= REQUIREMENT =
Return an exact copy of the entries, skipping any picture you find.

= STORED DATA =

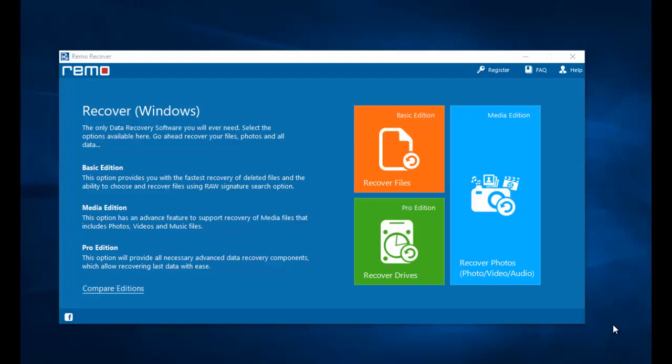Hey, what's up everyone. In this video I am going to show you how you can recover deleted or lost data from your Samsung Galaxy A series by making use of recovery software. I found this software on the internet and I was able to recover my deleted as well as lost data using it. I am going to run it again and show you how to recover deleted data using this tool.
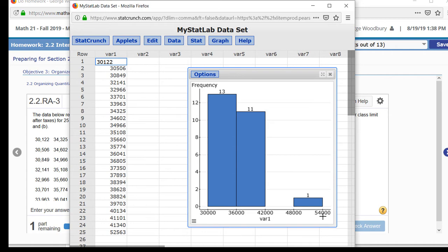Now where we have to be careful back in MyMathLab is that when I said 30,000 to 36,000, I really mean 30,000 up to but not including 36,000. In MyMathLab that's 30,000 to 35,999.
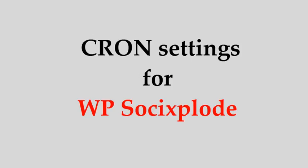In this video, we will understand the cron settings for the traffic monster WP Socixplode.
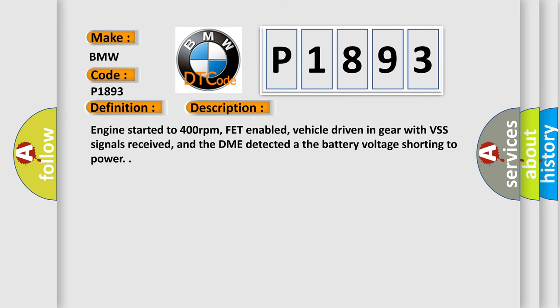And now this is a short description of this DTC code: Engine started to 400 revolutions per minute, FED enabled, vehicle driven in gear with VSS signals received, and the DME detected the battery voltage shorting to power.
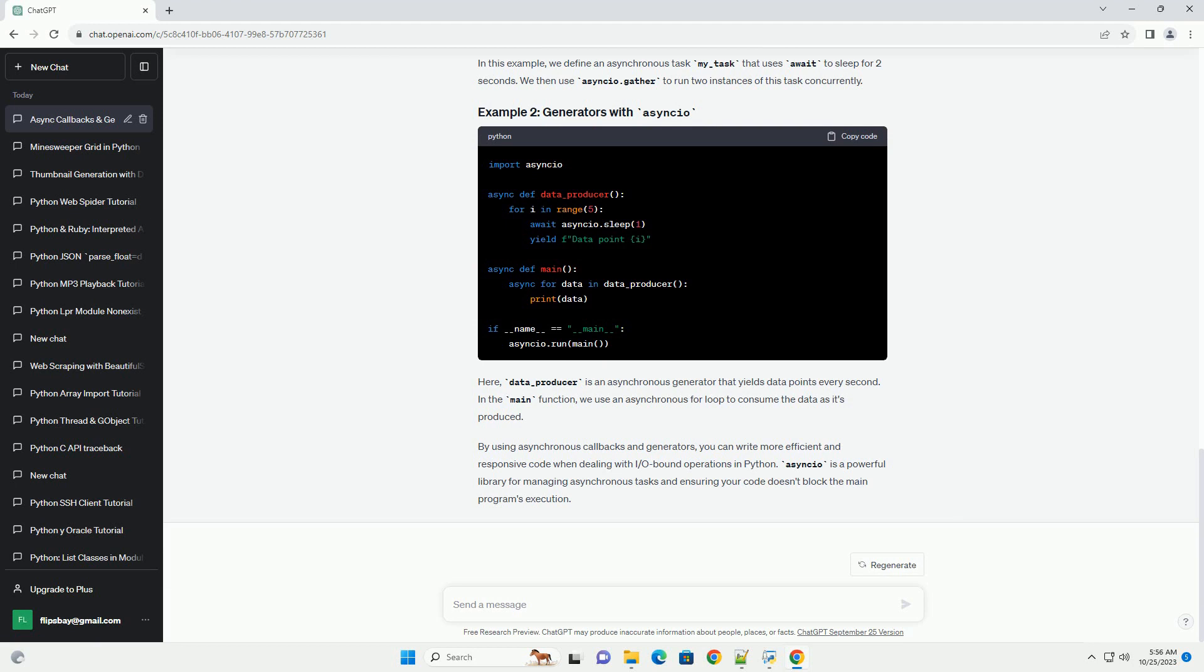To yield control back to the event loop temporarily. This enables other asynchronous tasks to run, making it suitable for scenarios where you need to wait for I/O bound operations.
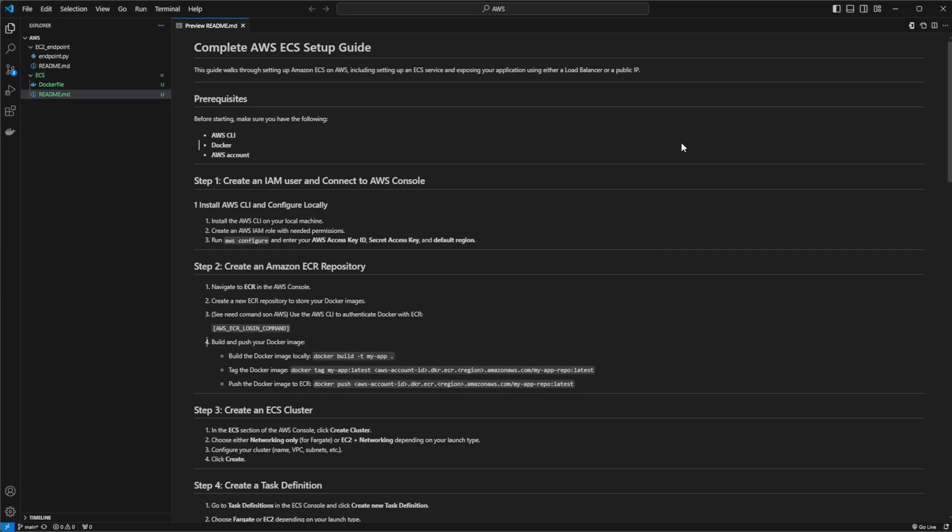Hey, it's RandomCode here, and today I'm going to showcase how we can use AWS and ECS to put a simple Spring Boot application into a Docker container, send that Docker container to AWS, and then expose a very basic endpoint.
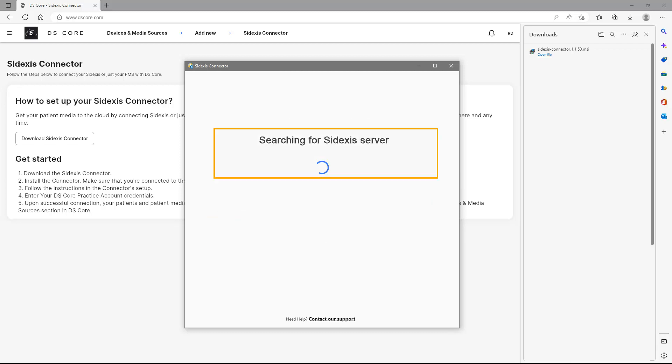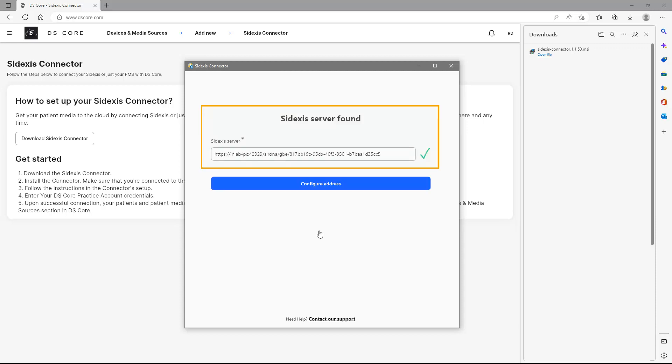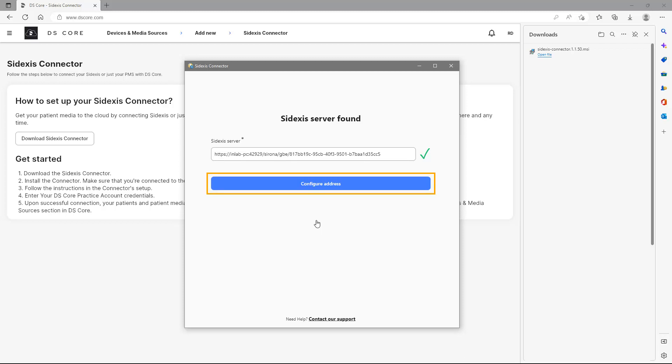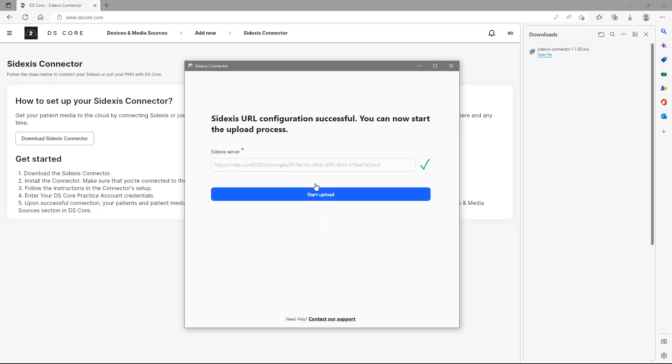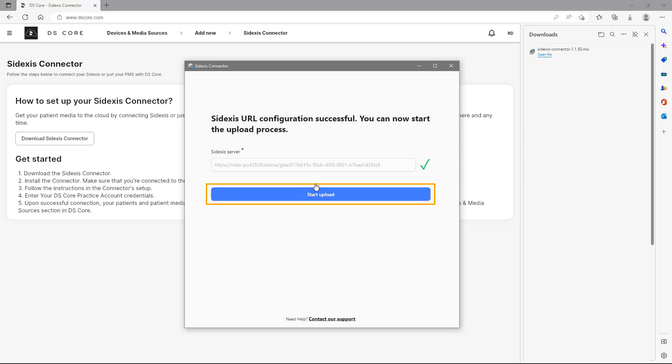As soon as the Sidexis server is found within the practice's network, we receive a confirmation. Next, we tap on Configure Address. After the Sidexis URL configuration was successful, we activate the automated upload of files from Sidexis into DS Core.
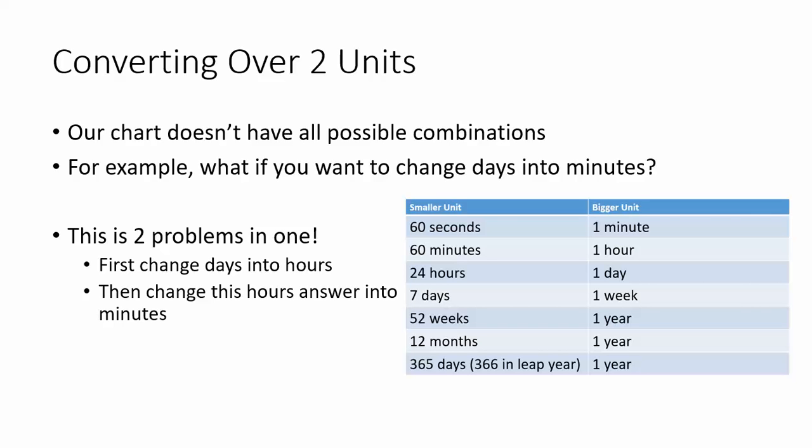Sometimes we may have to convert time units that isn't directly displayed on our chart. For example, what if we wanted to change days into minutes? Looking at my chart, I don't have a row that directly relates days and minutes. So what I need to do is actually two problems in one.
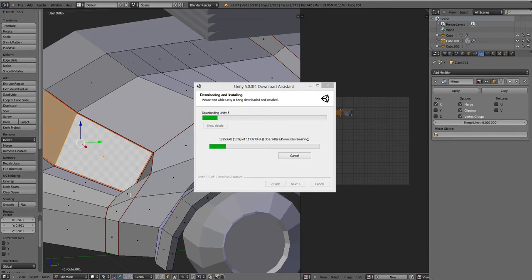Oh yeah, Unreal also went free, so go play with that if you'd like. But Unreal is not quite as beginner-friendly, so... some of A, some of B.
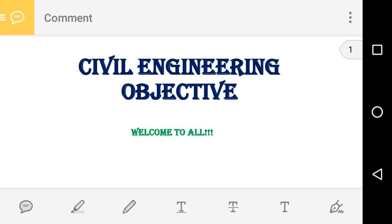Hello everyone, greetings to all. Welcome to our civil engineering objective channel. In this video we are going to see 10 very interesting MCQ questions in civil engineering subjects. Now we will see the first question.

= RESULT =
Hey, what's up everyone. In this video I am going to show you how you can recover deleted or lost data from your Samsung Galaxy A series by making use of recovery software. I found this software on the internet and I was able to recover my deleted as well as lost data using it. I am going to run it again and show you how to recover deleted data using this tool.
Now where we have to be careful back in MyMathLab is that when I said 30,000 to 36,000, I really mean 30,000 up to but not including 36,000. In MyMathLab that's 30,000 to 35,999.
In this video, we will understand the cron settings for the traffic monster WP Socixplode.
And now this is a short description of this DTC code: Engine started to 400 revolutions per minute, FED enabled, vehicle driven in gear with VSS signals received, and the DME detected the battery voltage shorting to power.
To yield control back to the event loop temporarily. This enables other asynchronous tasks to run, making it suitable for scenarios where you need to wait for I/O bound operations.
Hey, it's RandomCode here, and today I'm going to showcase how we can use AWS and ECS to put a simple Spring Boot application into a Docker container, send that Docker container to AWS, and then expose a very basic endpoint.
As soon as the Sidexis server is found within the practice's network, we receive a confirmation. Next, we tap on Configure Address. After the Sidexis URL configuration was successful, we activate the automated upload of files from Sidexis into DS Core.
Sometimes we may have to convert time units that isn't directly displayed on our chart. For example, what if we wanted to change days into minutes? Looking at my chart, I don't have a row that directly relates days and minutes. So what I need to do is actually two problems in one.
Oh yeah, Unreal also went free, so go play with that if you'd like. But Unreal is not quite as beginner-friendly, so... some of A, some of B.
Hello everyone, greetings to all. Welcome to our civil engineering objective channel. In this video we are going to see 10 very interesting MCQ questions in civil engineering subjects. Now we will see the first question.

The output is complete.